Monday, March 1, 2010

Koz on the Cover


As I admitted in my editor's note for the March e-Briefing, I don't generally like to be reminded that I featured Dennis Kozlowski on the cover of Directors & Boards. This was back in the year 2000 — palmier days when the head of Tyco International was considered a paragon of good corporate governance. Not to hide in a crowd, but our cover story — a Q&A interview conducted by our lead columnist Hoffer Kaback — joined many other laudatory reports at the time on the dynamic growth of Tyco and the leadership qualities of its CEO.

Well, authors John Gillespie and David Zweig just gave me a big reminder of our Kozlowski spotlight when they cited it in their new book, Money for Nothing [Free Press, 2010]. At first I didn't know whether to be appalled or flattered. But the book is a good one. Its subtitle pulls no punches — How the Failure of Corporate Boards Is Ruining American Business and Costing Us Trillions. The book has gained traction, with admiring reviews in the Wall Street Journal and New York Times and other worthy spotlights, including an excerpt I am running in the Q1 edition of Directors & Boards coming off press later this week.

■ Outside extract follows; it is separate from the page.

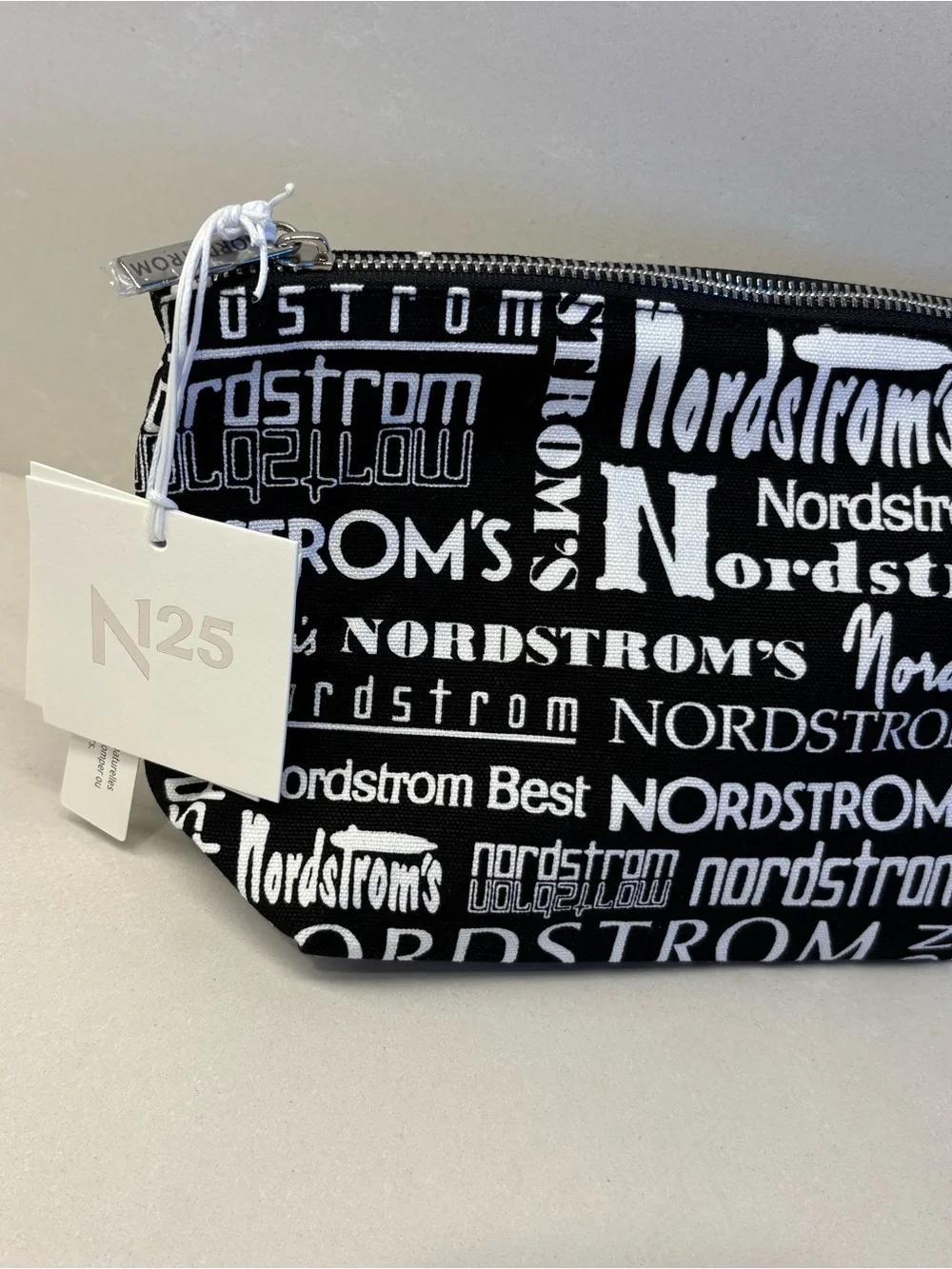 Nordstrom Black and White Logo-Print Toiletry Pouch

The authors called our Kozlowski material that they cited in their book "fascinating," and I return the compliment. Their jailhouse interview with the ex-Tyco CEO, which is the excerpt that I am publishing, yields several fascinating reflections on how it all went wrong between this CEO and his board. Three snippets from this book section:

• "Kozlowski said that he considered himself a victim of the times and a weak board. He felt he had become the poster boy for excessive pay in the wake of public anger over the Enron, WorldCom, and other scandals."

• "He said he got irate when thinking about the directors at his two trials who testified that they had been kept in the dark about his compensation: 'If they did not know what was going on, they certainly should have. I just don't buy that.' "

• "Kozlowski didn't think much of the Tyco board. 'I treated some of the directors as an afterthought because there's only so much time in the day. ... There were only two or three directors who, if they nodded yes, chances are the other directors were going to go along with it. I guess I should have been as diligent about selecting directors as we were about acquisitions.' "

Gillespie and Zweig draw from their interview with Kozlowski and their fuller analysis of what went wrong at Tyco an important conclusion: "It's clear that Kozlowski and his directors shared the same flawed relationships that have plagued so many other boards. For Kozlowski, the board faded into irrelevance compared to the power, prestige, and satisfactions provided by the acquisitions he engineered. Perhaps with a stronger board to keep his talents within legal bounds, Kozlowski today might still be on top of the world instead of washing inmates' clothes at the correctional facility."

On top of the world . . . and perhaps due for a return appearance on the cover of Directors & Boards — something that I would have been happy to arrange if things had not gone so amiss in the Tyco boardroom during these intervening 10 years.